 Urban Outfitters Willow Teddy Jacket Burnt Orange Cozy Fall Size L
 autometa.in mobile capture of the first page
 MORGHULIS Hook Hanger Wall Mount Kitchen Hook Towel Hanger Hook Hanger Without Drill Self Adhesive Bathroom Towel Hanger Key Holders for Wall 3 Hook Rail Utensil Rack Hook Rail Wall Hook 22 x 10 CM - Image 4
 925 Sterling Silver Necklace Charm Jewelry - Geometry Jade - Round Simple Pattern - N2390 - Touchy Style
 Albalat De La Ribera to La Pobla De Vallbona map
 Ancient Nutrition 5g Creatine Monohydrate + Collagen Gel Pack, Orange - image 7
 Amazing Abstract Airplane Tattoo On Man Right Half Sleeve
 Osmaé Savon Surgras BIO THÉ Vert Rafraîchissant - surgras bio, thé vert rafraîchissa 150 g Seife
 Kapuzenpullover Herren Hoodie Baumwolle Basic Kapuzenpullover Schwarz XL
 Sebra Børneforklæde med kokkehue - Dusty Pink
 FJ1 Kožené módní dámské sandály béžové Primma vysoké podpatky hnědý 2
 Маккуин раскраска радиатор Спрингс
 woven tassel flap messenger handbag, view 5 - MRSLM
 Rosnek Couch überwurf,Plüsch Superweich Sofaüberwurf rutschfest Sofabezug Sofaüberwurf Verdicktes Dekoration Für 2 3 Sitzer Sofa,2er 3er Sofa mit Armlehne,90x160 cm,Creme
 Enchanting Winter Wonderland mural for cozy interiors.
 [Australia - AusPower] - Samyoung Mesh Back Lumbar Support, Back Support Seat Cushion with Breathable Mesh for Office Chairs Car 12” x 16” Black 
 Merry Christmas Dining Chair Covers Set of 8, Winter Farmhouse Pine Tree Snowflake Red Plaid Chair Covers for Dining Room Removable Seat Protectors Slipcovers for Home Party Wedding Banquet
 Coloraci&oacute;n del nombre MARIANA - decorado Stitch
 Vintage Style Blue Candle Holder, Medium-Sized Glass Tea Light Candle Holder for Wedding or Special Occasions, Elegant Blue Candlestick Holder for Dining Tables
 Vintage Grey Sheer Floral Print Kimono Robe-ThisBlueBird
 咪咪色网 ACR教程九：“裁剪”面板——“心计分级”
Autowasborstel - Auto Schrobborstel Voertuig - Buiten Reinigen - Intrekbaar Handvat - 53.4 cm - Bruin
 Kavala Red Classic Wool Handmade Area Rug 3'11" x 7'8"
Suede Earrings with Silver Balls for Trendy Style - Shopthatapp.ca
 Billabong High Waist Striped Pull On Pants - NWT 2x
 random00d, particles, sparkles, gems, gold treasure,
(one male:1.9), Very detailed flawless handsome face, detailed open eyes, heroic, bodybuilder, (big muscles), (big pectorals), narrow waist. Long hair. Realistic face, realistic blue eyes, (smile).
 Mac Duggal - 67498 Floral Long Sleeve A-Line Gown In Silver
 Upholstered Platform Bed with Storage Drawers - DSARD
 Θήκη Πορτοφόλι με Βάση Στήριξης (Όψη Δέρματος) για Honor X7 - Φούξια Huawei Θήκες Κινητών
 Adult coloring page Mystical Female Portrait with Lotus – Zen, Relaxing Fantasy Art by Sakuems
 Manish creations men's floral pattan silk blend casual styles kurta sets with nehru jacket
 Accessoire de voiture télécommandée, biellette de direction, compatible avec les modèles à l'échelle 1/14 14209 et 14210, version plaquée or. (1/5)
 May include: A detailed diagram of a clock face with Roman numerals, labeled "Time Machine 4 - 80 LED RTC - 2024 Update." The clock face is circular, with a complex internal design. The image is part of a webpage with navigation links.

━━━━━━━━━━

Every record must be written out again without any change.

 Urban Outfitters Willow Teddy Jacket Burnt Orange Cozy Fall Size L
 autometa.in mobile capture of the first page
 MORGHULIS Hook Hanger Wall Mount Kitchen Hook Towel Hanger Hook Hanger Without Drill Self Adhesive Bathroom Towel Hanger Key Holders for Wall 3 Hook Rail Utensil Rack Hook Rail Wall Hook 22 x 10 CM - Image 4
 925 Sterling Silver Necklace Charm Jewelry - Geometry Jade - Round Simple Pattern - N2390 - Touchy Style
 Albalat De La Ribera to La Pobla De Vallbona map
 Ancient Nutrition 5g Creatine Monohydrate + Collagen Gel Pack, Orange - image 7
 Amazing Abstract Airplane Tattoo On Man Right Half Sleeve
 Osmaé Savon Surgras BIO THÉ Vert Rafraîchissant - surgras bio, thé vert rafraîchissa 150 g Seife
 Kapuzenpullover Herren Hoodie Baumwolle Basic Kapuzenpullover Schwarz XL
 Sebra Børneforklæde med kokkehue - Dusty Pink
 FJ1 Kožené módní dámské sandály béžové Primma vysoké podpatky hnědý 2
 Маккуин раскраска радиатор Спрингс
 woven tassel flap messenger handbag, view 5 - MRSLM
 Rosnek Couch überwurf,Plüsch Superweich Sofaüberwurf rutschfest Sofabezug Sofaüberwurf Verdicktes Dekoration Für 2 3 Sitzer Sofa,2er 3er Sofa mit Armlehne,90x160 cm,Creme
 Enchanting Winter Wonderland mural for cozy interiors.
 [Australia - AusPower] - Samyoung Mesh Back Lumbar Support, Back Support Seat Cushion with Breathable Mesh for Office Chairs Car 12” x 16” Black 
 Merry Christmas Dining Chair Covers Set of 8, Winter Farmhouse Pine Tree Snowflake Red Plaid Chair Covers for Dining Room Removable Seat Protectors Slipcovers for Home Party Wedding Banquet
 Coloraci&oacute;n del nombre MARIANA - decorado Stitch
 Vintage Style Blue Candle Holder, Medium-Sized Glass Tea Light Candle Holder for Wedding or Special Occasions, Elegant Blue Candlestick Holder for Dining Tables
 Vintage Grey Sheer Floral Print Kimono Robe-ThisBlueBird
 咪咪色网 ACR教程九：“裁剪”面板——“心计分级”
Autowasborstel - Auto Schrobborstel Voertuig - Buiten Reinigen - Intrekbaar Handvat - 53.4 cm - Bruin
 Kavala Red Classic Wool Handmade Area Rug 3'11" x 7'8"
Suede Earrings with Silver Balls for Trendy Style - Shopthatapp.ca
 Billabong High Waist Striped Pull On Pants - NWT 2x
 random00d, particles, sparkles, gems, gold treasure,
(one male:1.9), Very detailed flawless handsome face, detailed open eyes, heroic, bodybuilder, (big muscles), (big pectorals), narrow waist. Long hair. Realistic face, realistic blue eyes, (smile).
 Mac Duggal - 67498 Floral Long Sleeve A-Line Gown In Silver
 Upholstered Platform Bed with Storage Drawers - DSARD
 Θήκη Πορτοφόλι με Βάση Στήριξης (Όψη Δέρματος) για Honor X7 - Φούξια Huawei Θήκες Κινητών
 Adult coloring page Mystical Female Portrait with Lotus – Zen, Relaxing Fantasy Art by Sakuems
 Manish creations men's floral pattan silk blend casual styles kurta sets with nehru jacket
 Accessoire de voiture télécommandée, biellette de direction, compatible avec les modèles à l'échelle 1/14 14209 et 14210, version plaquée or. (1/5)
 May include: A detailed diagram of a clock face with Roman numerals, labeled "Time Machine 4 - 80 LED RTC - 2024 Update." The clock face is circular, with a complex internal design. The image is part of a webpage with navigation links.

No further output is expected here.